- Theatrical release poster by Howard Terpning
- Directed by: Joseph L. Mankiewicz
- Screenplay by: Joseph L. Mankiewicz
- Based on: Mr. Fox of Venice by Frederick Knott; The Evil of the Day by Thomas Sterling; Volpone by Ben Jonson;
- Produced by: Charles K. Feldman
- Starring: Rex Harrison; Susan Hayward; Cliff Robertson; Capucine; Edie Adams; Maggie Smith;
- Cinematography: Gianni di Venanzo Pasqualino De Santis (uncredited)
- Edited by: David Bretherton
- Music by: John Addison
- Production company: Famous Artists Productions
- Distributed by: United Artists
- Release dates: March 21, 1967 (United Kingdom); May 22, 1967 (United States);
- Running time: 150 minutes (UK) 132 minutes (US)
- Country: United States
- Language: English

= The Honey Pot =

1967 film by Joseph L. Mankiewicz

The Honey Pot, also known as The Honeypot and It Comes Up Murder, is a 1967 American crime comedy-drama film written and directed by Joseph L. Mankiewicz. It stars Rex Harrison, Susan Hayward, Cliff Robertson, Capucine, Edie Adams, and Maggie Smith. The film was based on the play Mr. Fox of Venice by Frederick Knott, the novel The Evil of the Day by Thomas Sterling, and loosely on the 1606 play Volpone by Ben Jonson.

==Plot==

Wealthy eccentric Cecil Fox hires struggling actor William McFly as his personal secretary to play a "practical joke" on his three former lovers. Pretending to be on his deathbed, Fox invites penniless Princess Dominique, fading movie star Merle McGill, and Texas millionairess Lone Star Crockett Sheridan to his Venetian palazzo for a final visit. Accompanying Mrs. Sheridan is her nurse, Sarah Watkins. Each of the women bring Fox a valuable timepiece as a present: Sheridan's, an elaborate porcelain antique; McGill's, a large quartz block with clock faces telling global time; and Dominique's gift, an heirloom hourglass reputedly filled with precious gold powder.

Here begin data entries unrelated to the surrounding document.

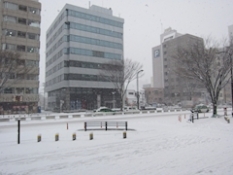 ブログイメージ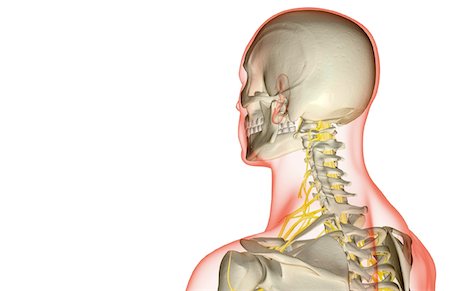 simsearch:671-02098304,k - The nerves of the neck Stock Photo - Premium Royalty-Free, Code: 671-02093421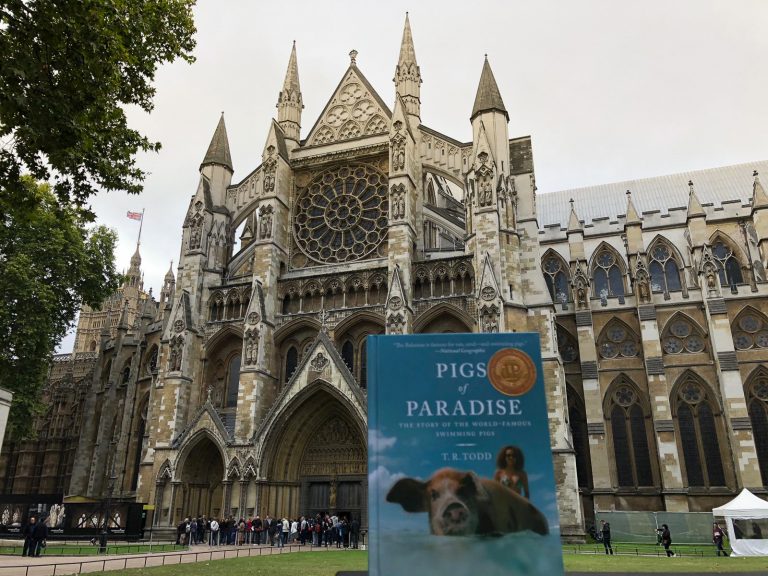 ‘Pigs of Paradise’ swims the pond to London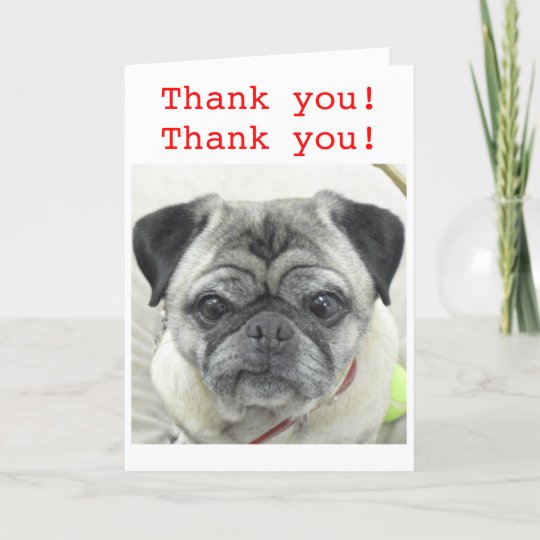 Pug Thank You card | Zazzle.com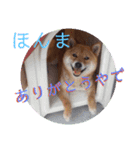ころ太とたまには仲間スタンプ（個別スタンプ：8）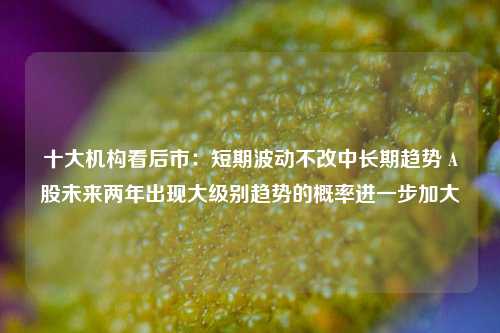 十大机构看后市：短期波动不改中长期趋势 A股未来两年出现大级别趋势的概率进一步加大-第1张图片-丹佛斯变频器_安川变频器_台达变频器_汇川变频器-变频器之家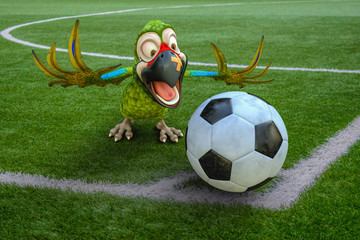 parrot cartoon football corner © DM7
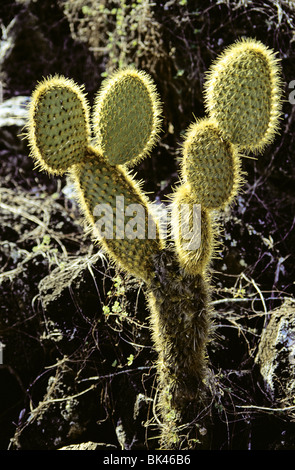 Opuntia (also known as Prickly Pear Cactus, Nopales, or Paddle Cactus), Galapagos Islands, Ecuador Stock Photo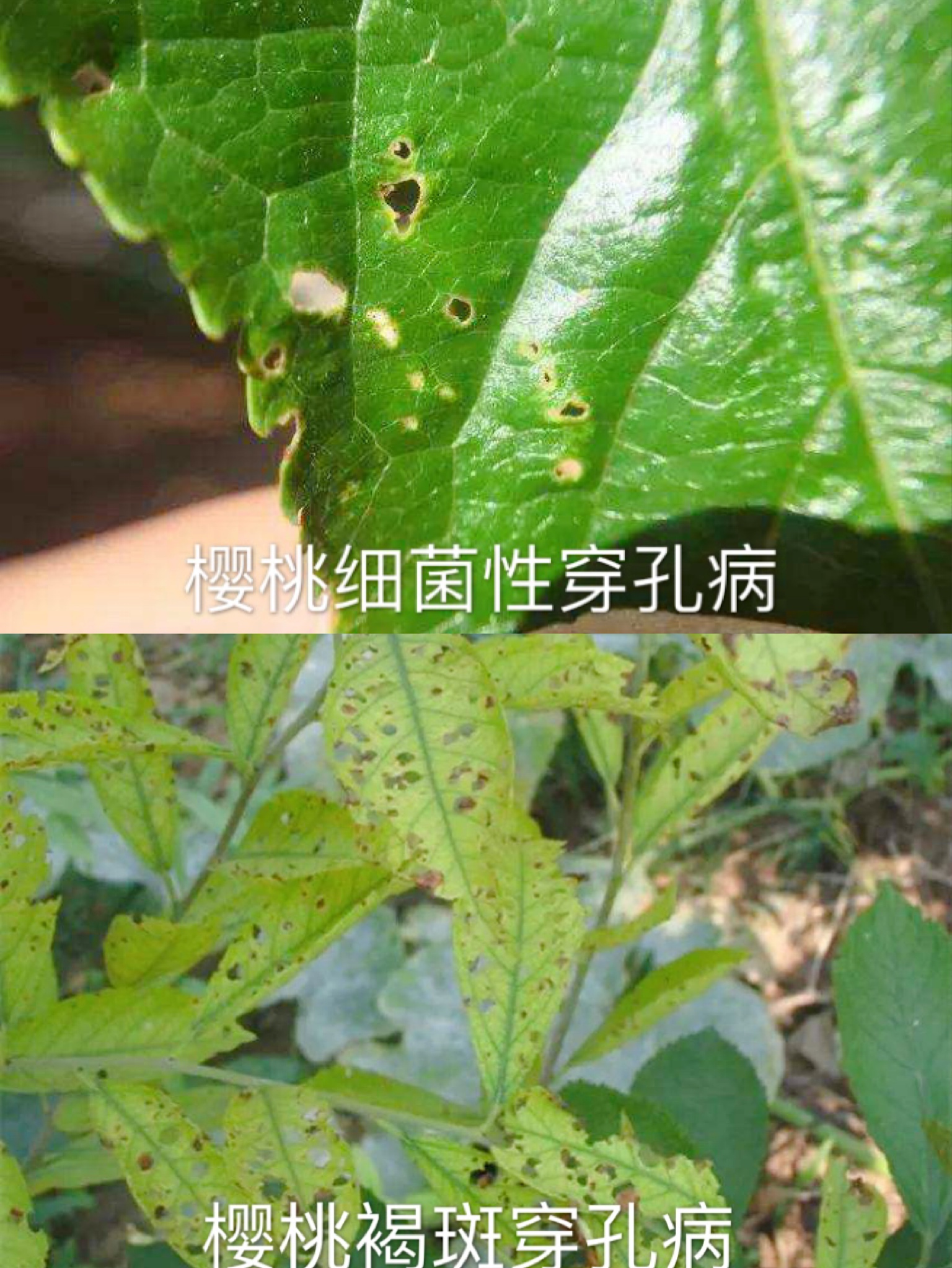 进入5月，高温天气樱桃树易发褐斑穿孔病，及时防治才能保丰产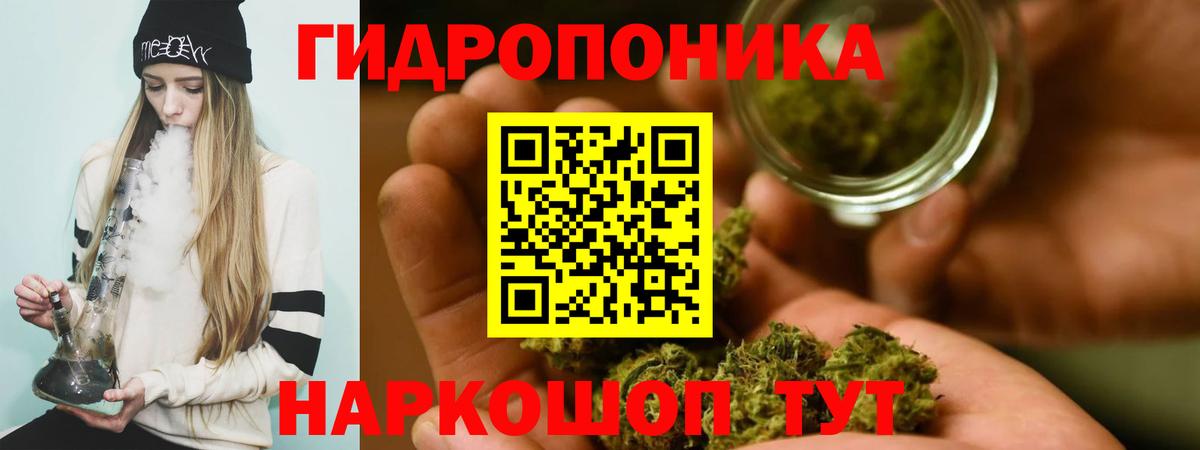 Королёв  Бошки Шишки сатива  Вход с VPN  МАРИХУАНА Bruce Banner 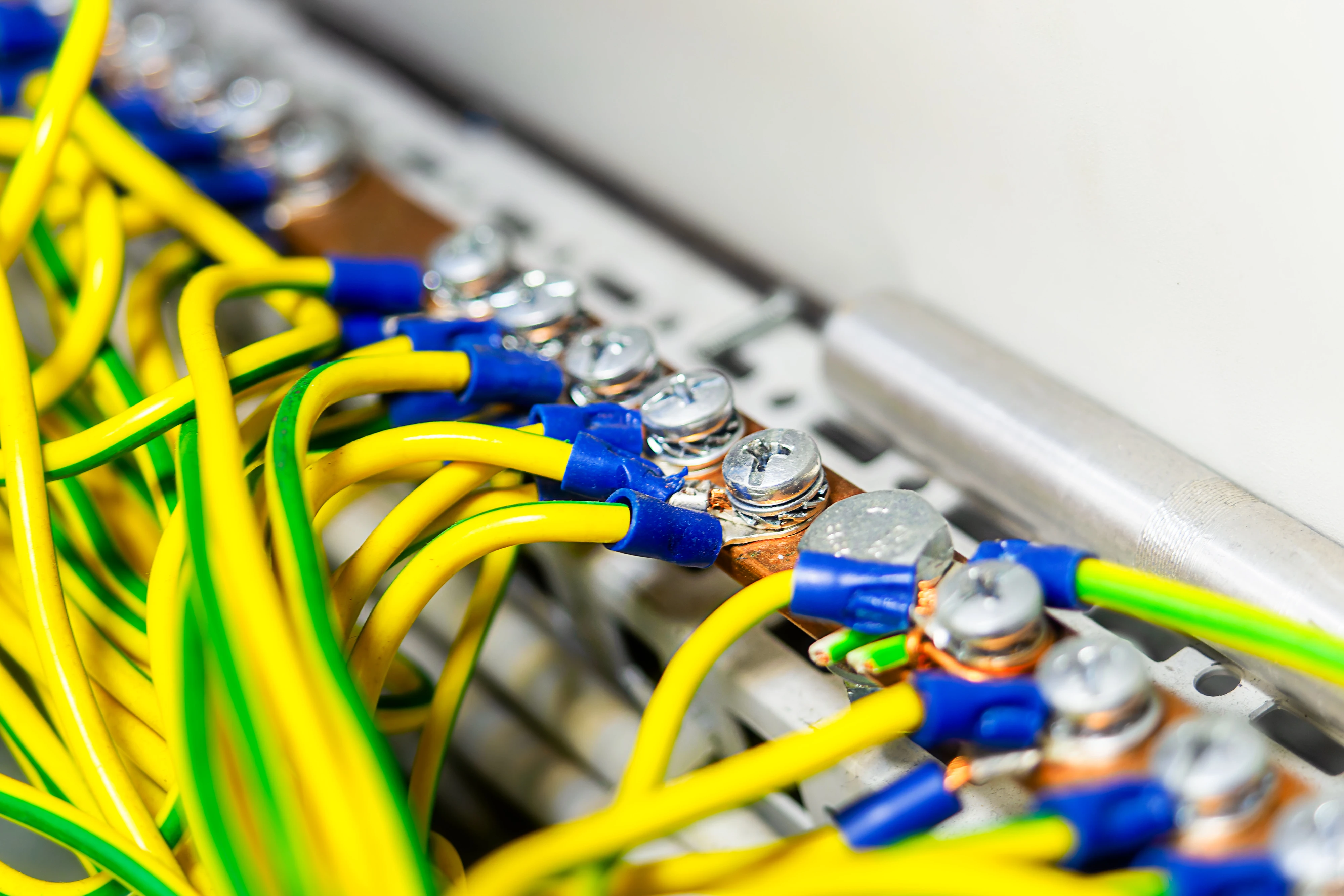 main-text-area-image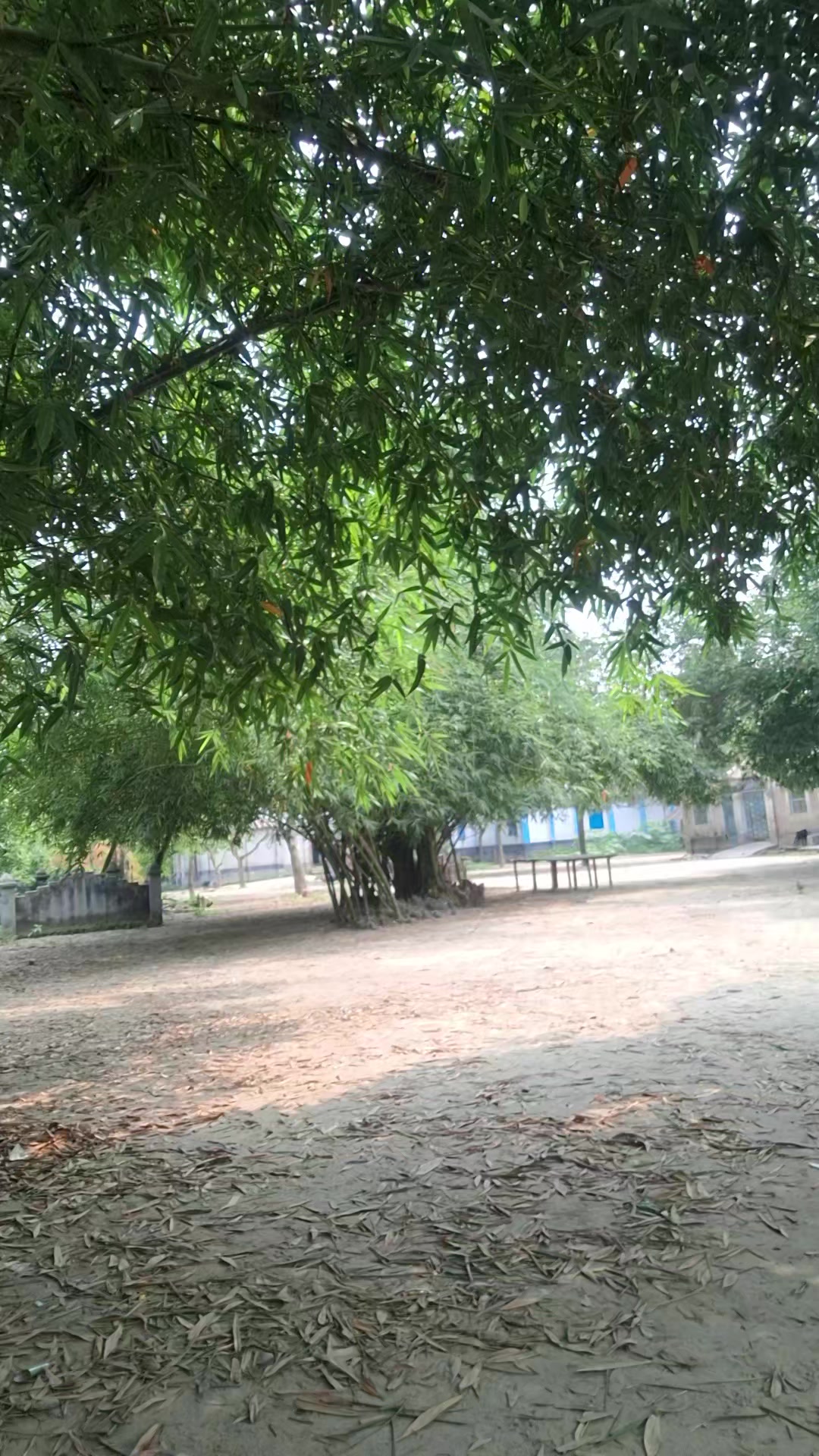 @Rajjak999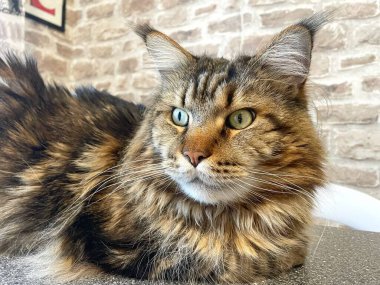 Maine Rakunu, Kediler, Büyük Kedi, Hayvan, Oyun, Dinlenme, Bakış, Kürk, Ağız, Kulak, Pençe, Arkadaş, Arkadaş, Tüylü, Oyun, Oyun, Evcil Hayvan, Yakışıklı, Güzel, Gururlu, Uyku, Rüya, Kral, Canlı, Aşk, Ukrayna, Ukrayna, Ukrayna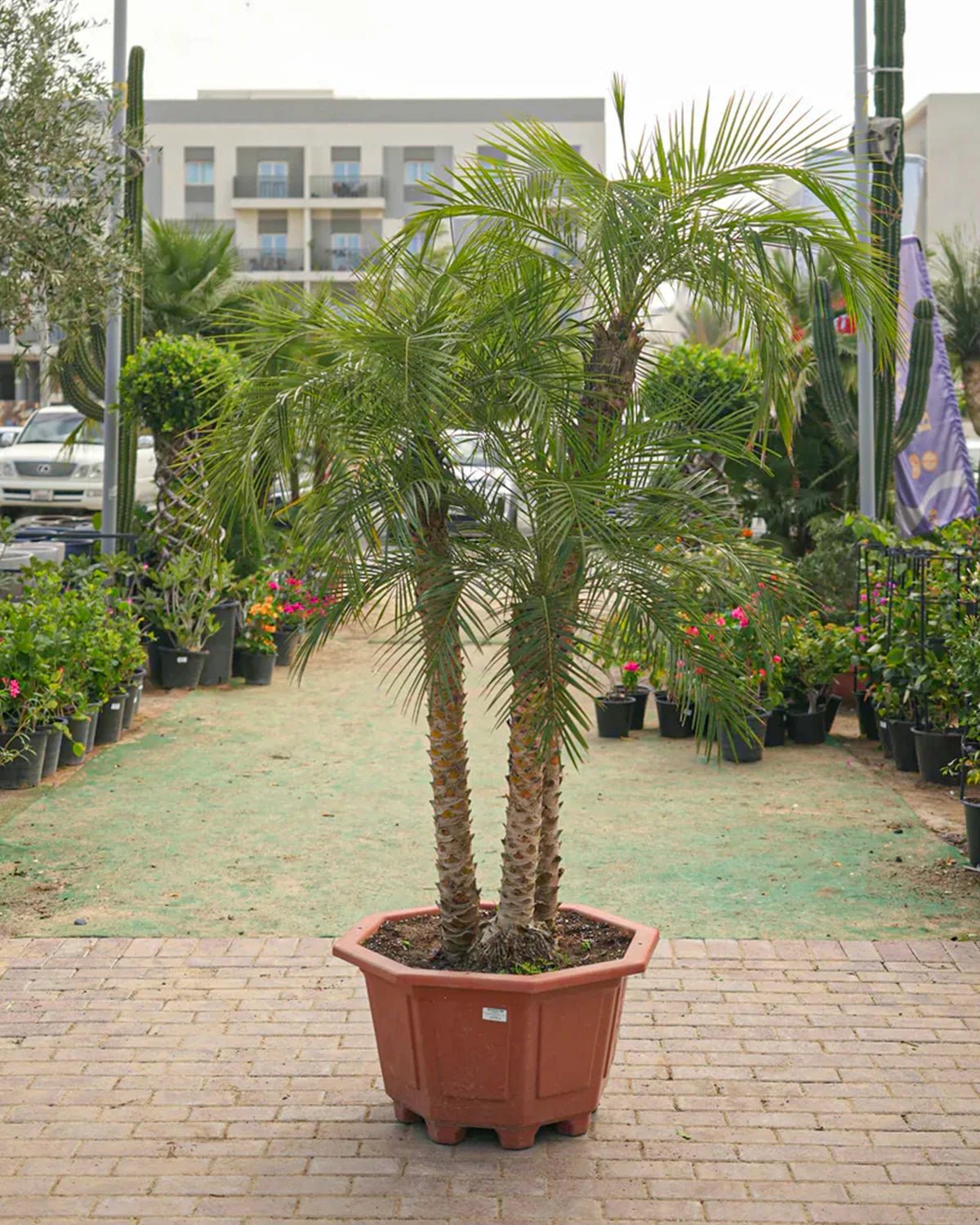 Pygmy Date Palm (Phoenix roebelenii) | Triple Trunk, 1.5–2.0 m - Acacia Garden Center
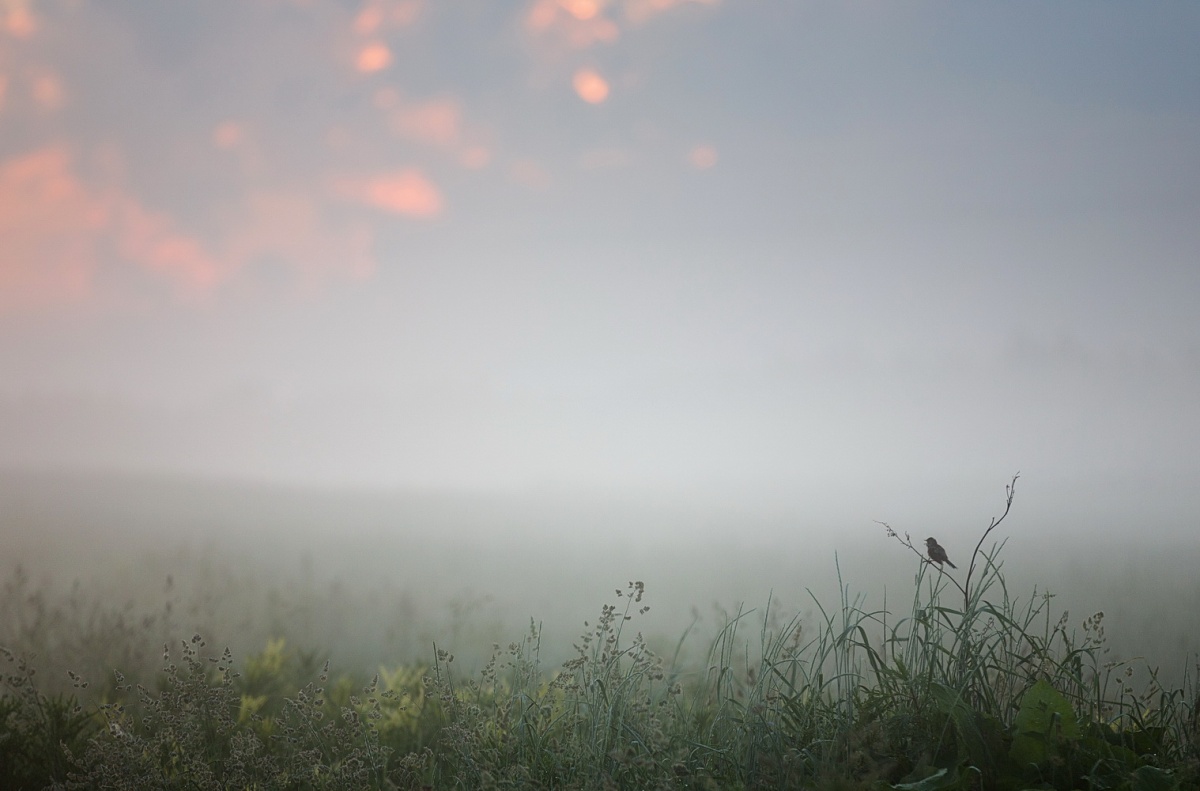 Предрассветная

As each woman warily size each other up, Sheridan boldly announces she is Fox's common-law wife, and the others can expect to inherit nothing. Later that night, McFly recognizes that Fox's scheme resembles Ben Johnson's play Volpone, in which a swindler poses as a dying man to dupe three men who aspire to inherit his fortune, each bearing luxurious gifts. A former law student, McFly becomes suspicious and questions whether how his role may incur legal liability.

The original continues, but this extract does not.